I have decided to restrict this morning’s entry on kite surfing to talk about the type of kites that are available today. Being a relatively young sport the design of the kite is changing with some regularity. You are therefore advised to use equipment provided by your kite surfing instructor/school before rushing out and spending a considerable amount of money on purchasing a kite. You need to get familiar with all the jargon of kite surfing world so you can talk from a position of knowledge when it comes to making a purchase and this is a topic I will be addressing over the next couple of days. The power kite is available in two major forms: leading edge inflatables and foil kites.
Leading edge inflatables
Leading edge inflatable kites, known also as inflatables, LEI kites or C-shaped kites, are typically made from ripstop nylon with inflatable plastic bladders. The inflated bladders give the kite its shape and also keep the kite floating once dropped in the water.

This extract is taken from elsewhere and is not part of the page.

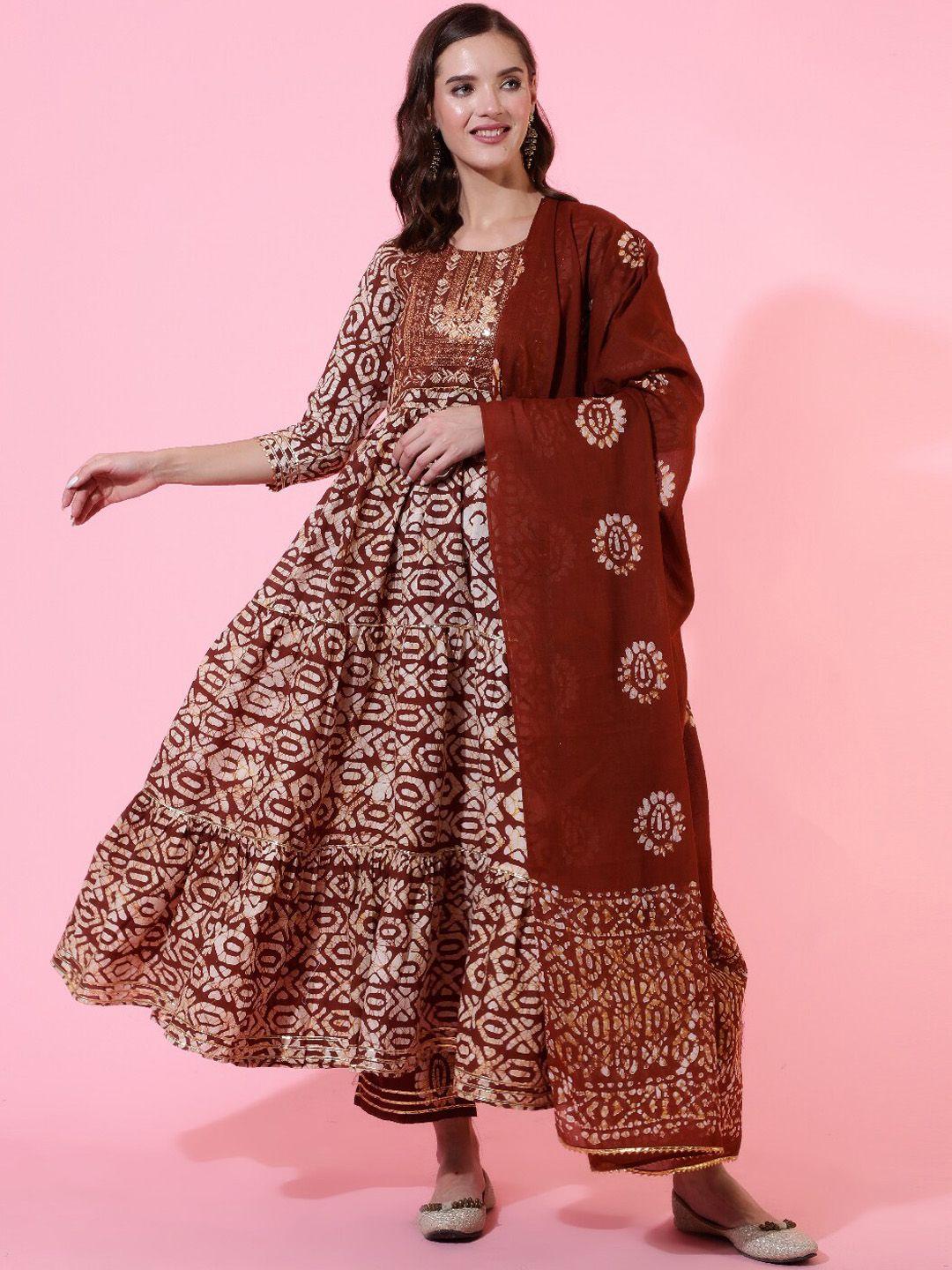 glam roots floral printed tiered kurta with trousers & dupatta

LEIs are the most popular choice among most kitesurfers thanks to their quicker and more direct response to the rider’s inputs, easy relaunchability once crashed into the water, and resillient nature. If a LEI kite hits the water/ground too hard or is subjected on water to substantial wave activity, bladders can burst or it can be torn apart.
In 2005 Bow kites (also known as flat LEI kites) were developed with features including a concave trailing edge, a shallower arc in planform, and frequently a bridle along the leading edge. These features allow the kite’s angle of attack to be altered more and thus adjust the amount and range of power being generated to a much greater degree than previous LEIs. These kites can be fully depowered, which is a significant safety feature. They can also cover a wider wind range than a comparable C-shaped kite. The ability to adjust the angle of attack also makes them easier to re-launch when lying front first on the water. Bow kites are popular with riders from beginner to advanced levels. Most LEI kite manufacturers developed a variation of the bow kite by 2006.

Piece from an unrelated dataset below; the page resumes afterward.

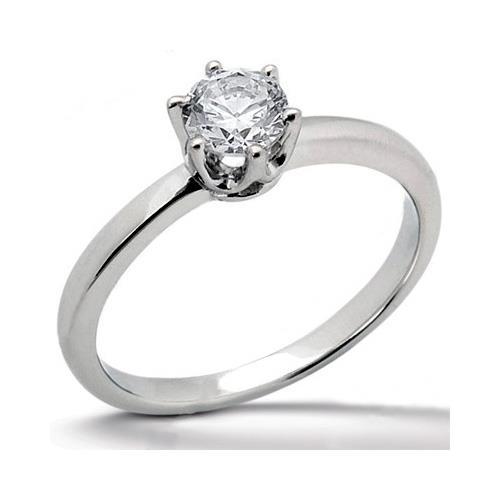 Anello di fidanzamento con diamante tondo 1 carato Oro bianco 14K - harrychadent.it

However, early bow kites had the following disadvantages compared to classic LEI kites:
* They can get inverted and not fly properly
* They are a bit twitchy and not as stable
* Heavier bar pressure makes them more tiring to fly
* More difficult to relaunch
* Lack of “sled boosting” effect when jumping
In 2006 second generation flat LEI kites were developed which combine 100% depower and easy, safe relaunch with higher performance, no performance penalties and reduced bar pressure. These kites are suitable for both beginners and experts.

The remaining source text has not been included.